No, you just use cmpxchg. It's pretty lightweight really. Xen holds a
lock internally to stop other cpus from updating the pte in software, so
the only source of modification is the hardware itself; the cmpxchg loop
is guaranteed to terminate because the A/D bits can only transition from
0->1.
I haven't really gone into depth as to exactly where the 7x number comes
from. I could increase the batch size (currently max of 32 pte
updates/hypercall), and some of it is plain overhead from the in-kernel
infrastructure. A simpler and more hackish approach which basically
pastes the Xen hypercall directly into the mprotect loop gets the
overhead down to about 5.5x.
Still, a 7x gain from asynchronous batching is very nice. I wonder if
that means the average mprotect size in your benchmark is 7 pages.

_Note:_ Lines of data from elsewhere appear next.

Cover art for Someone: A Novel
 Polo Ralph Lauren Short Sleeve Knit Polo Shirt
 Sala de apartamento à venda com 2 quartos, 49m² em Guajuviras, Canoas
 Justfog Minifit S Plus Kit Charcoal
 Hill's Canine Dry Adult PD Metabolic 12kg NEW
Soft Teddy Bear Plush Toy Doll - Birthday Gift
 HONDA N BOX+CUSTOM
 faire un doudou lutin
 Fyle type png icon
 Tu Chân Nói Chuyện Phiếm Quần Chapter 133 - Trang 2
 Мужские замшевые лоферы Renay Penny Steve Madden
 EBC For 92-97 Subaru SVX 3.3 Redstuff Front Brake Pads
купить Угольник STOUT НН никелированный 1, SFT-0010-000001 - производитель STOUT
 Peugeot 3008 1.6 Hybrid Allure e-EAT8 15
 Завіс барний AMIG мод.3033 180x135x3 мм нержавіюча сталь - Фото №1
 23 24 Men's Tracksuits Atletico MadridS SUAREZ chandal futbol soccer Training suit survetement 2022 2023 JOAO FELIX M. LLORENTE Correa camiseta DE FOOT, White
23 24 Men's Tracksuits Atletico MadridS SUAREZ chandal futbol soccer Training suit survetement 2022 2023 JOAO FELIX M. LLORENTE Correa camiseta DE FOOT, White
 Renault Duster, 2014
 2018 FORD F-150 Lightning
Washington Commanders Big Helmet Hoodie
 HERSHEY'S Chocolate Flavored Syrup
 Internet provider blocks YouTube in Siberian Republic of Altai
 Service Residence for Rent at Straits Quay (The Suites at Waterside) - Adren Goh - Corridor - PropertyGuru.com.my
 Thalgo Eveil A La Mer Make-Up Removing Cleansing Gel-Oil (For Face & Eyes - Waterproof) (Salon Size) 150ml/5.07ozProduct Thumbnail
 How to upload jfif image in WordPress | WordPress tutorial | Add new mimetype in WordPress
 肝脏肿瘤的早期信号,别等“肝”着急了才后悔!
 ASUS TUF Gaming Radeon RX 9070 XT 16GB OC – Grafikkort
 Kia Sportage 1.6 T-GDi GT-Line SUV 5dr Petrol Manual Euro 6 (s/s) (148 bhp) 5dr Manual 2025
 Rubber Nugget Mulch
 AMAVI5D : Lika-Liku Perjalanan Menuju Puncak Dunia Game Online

Yeah, it's around 7x. The batching pays off even for single page
mprotects, because the trap and emulate of xchg is so expensive.
I believe that other virtualization systems, whether they use direct
paging like Xen, or a shadow pagetable scheme (vmi, kvm, lguest), can
make use of this interface to improve the performance.
On VMI, we don't trap the xchg of the pte, thus we don't have any
bottleneck here to begin with.
If you're doing code rewriting then I guess you can effectively do the
same trick at that point. If not, then presumably you take a fault for
the first pte updated in the mprotect and then sync the shadow up when
the tlb flush happens; batching that trap and the tlb flush would give
you some benefit for small mprotects.